Lors des négociations avec les Israéliens, les Libanais ont obtenu des succès d'estime considérables, grâce à l'intervention américaine. Ainsi, selon les dires du coordinateur des négociations Ghassan Tueni, il n'existe pas d'obstacle insurmontable entre le retrait des troupes israéliennes et les accords de sécurité ou de relations réciproques futures.

Les Libanais parlent simplement d'une «fin d'état de guerre», ce qui leur évitera de faire des concessions puisque, déjà en 1949, un cessez-le-feu avait été conclu avec Israël. Tueni intervint en faveur d'un «statut de frontière international», au lieu des conventions de sécurité bilatérales, ce qui demanderait une élaboration prolongée et permettrait le séjour des casques bleus de l'ONU (Unifil) au Sud-Liban; Israël s'y refuse.
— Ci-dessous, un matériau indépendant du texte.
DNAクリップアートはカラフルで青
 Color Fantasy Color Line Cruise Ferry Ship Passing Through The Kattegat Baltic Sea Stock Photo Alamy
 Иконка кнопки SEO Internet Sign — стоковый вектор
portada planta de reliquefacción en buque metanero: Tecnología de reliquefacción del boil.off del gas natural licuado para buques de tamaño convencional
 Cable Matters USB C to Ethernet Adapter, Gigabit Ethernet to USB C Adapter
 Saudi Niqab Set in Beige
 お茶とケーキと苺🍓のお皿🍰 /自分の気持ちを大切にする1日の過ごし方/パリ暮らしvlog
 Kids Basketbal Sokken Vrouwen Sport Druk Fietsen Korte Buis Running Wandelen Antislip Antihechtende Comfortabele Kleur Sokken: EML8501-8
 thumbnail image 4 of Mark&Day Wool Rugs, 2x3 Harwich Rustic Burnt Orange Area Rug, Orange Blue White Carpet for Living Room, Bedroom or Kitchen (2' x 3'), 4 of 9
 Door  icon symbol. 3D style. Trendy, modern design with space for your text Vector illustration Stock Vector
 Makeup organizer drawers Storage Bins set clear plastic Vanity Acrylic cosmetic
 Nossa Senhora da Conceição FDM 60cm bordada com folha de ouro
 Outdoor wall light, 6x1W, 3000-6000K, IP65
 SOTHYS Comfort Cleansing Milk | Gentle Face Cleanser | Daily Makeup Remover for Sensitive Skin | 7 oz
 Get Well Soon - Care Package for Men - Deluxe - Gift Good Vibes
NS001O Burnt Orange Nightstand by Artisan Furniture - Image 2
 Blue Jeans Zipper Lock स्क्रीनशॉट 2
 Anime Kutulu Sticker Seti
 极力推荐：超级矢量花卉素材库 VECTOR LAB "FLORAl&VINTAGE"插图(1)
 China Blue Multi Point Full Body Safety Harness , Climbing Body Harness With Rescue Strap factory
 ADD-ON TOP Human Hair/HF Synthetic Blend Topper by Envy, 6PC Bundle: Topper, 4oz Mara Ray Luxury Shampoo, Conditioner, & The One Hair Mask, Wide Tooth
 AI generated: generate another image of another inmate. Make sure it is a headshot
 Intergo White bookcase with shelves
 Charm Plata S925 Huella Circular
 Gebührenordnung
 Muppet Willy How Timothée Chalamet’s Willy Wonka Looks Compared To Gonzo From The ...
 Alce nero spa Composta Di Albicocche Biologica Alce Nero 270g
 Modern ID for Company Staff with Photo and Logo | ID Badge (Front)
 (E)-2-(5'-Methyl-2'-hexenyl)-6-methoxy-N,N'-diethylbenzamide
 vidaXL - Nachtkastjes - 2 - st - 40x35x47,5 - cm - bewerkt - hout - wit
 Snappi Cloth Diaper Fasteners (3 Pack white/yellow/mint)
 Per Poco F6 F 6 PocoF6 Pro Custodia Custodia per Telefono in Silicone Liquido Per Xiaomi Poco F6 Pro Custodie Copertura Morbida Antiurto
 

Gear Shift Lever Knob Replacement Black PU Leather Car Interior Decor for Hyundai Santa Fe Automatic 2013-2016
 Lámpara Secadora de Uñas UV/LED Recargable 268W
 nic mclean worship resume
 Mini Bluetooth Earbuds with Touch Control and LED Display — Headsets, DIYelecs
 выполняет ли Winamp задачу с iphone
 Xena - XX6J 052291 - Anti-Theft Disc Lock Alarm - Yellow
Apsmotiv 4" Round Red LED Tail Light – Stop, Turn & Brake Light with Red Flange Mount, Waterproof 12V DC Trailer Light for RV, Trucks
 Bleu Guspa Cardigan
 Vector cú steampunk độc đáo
Les négociations ont sans doute bénéficié d'un redressement grâce à la collaboration d'Habib, car il pousse avant tout Israël à se hâter. Les Israéliens s'attendent maintenant à un appel libano-américain d'engager le retrait partiel des troupes au plus tard au début mars, pour que les Syriens soient forcés de faire de même. Jusqu'à présent, Israël insistait sur un retrait simultané des troupes, même si cela devait se faire par étapes, en commençant d'abord par l'OLP au nord du Liban.

Un retrait unilatéral, partiel, aurait le désavantage pour les Israéliens de devoir abandonner l'importante route de montagne entre Beyrouth et Damas, et de ce fait, de perdre la liaison par voie de terre, avec les milices chrétiennes autour de Beyrouth. D'autre part, ils n'ont aucune garantie que les Syriens ou l'OLP n'occuperont pas immédiatement la route, vu l'impuissance de l'armée libanaise et le fait que la troupe de paix de 2400 hommes à Beyrouth n'ait pas été renforcée.

Les Libanais attendent. La délégation libanaise enregistre un succès aux négociations, sans aucun effort personnel, grâce à l'attitude d'Habib qui, en accord avec l'opinion de Beyrouth, déclara être contre les stations de contrôle radars au Sud-Liban, contre un statut spécial pour les milices d'Haddad au Sud, et contre un retrait de l'Unifil.